Using the listing below, set down each line from the line containing "ZENEME Jewellery Set" through the line containing "Net Lycra Plain Dupatta_Turquoise", both ends included, exactly and with nothing added.

[Listed entries — start]

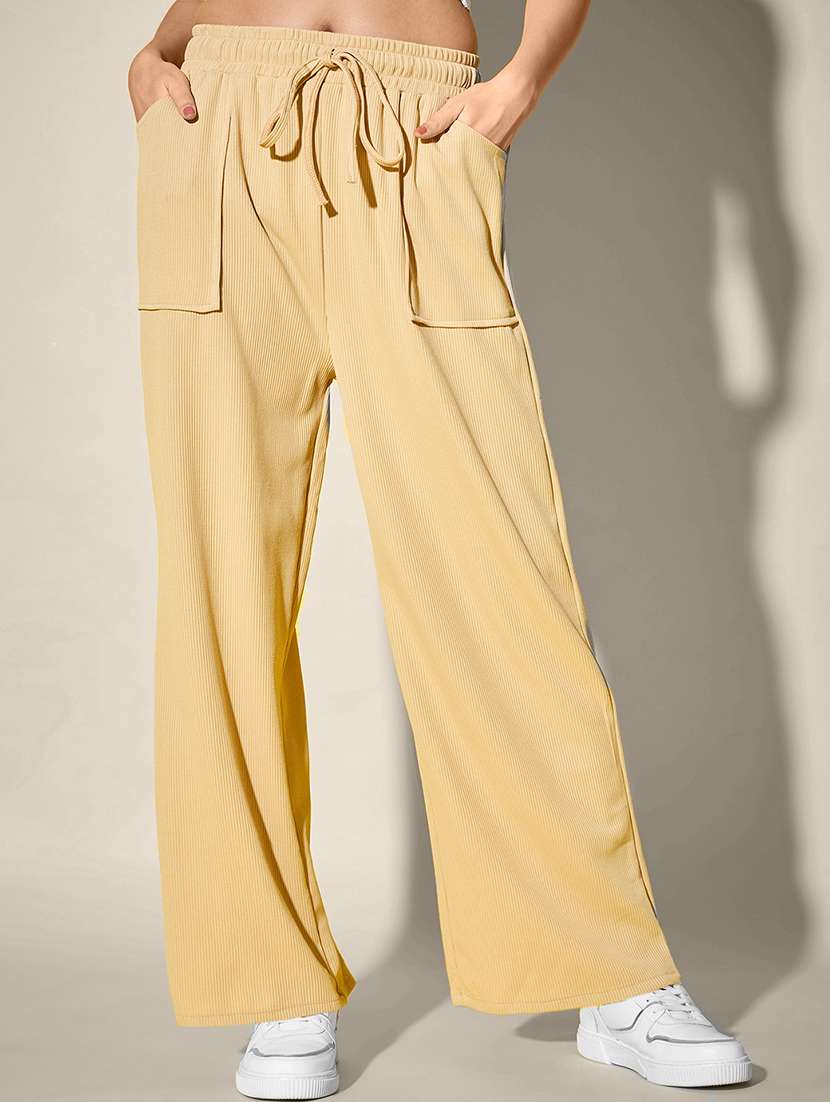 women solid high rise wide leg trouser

[Listed entries — finish]
[Listed entries — start]

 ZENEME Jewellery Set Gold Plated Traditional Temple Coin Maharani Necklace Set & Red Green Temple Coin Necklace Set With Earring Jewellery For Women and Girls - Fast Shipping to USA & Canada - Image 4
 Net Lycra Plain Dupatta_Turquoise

[Listed entries — finish]
[Listed entries — start]

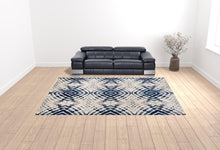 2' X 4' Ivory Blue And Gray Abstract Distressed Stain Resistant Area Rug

[Listed entries — finish]

→ **Solution to this task**:
 ZENEME Jewellery Set Gold Plated Traditional Temple Coin Maharani Necklace Set & Red Green Temple Coin Necklace Set With Earring Jewellery For Women and Girls - Fast Shipping to USA & Canada - Image 4
 Net Lycra Plain Dupatta_Turquoise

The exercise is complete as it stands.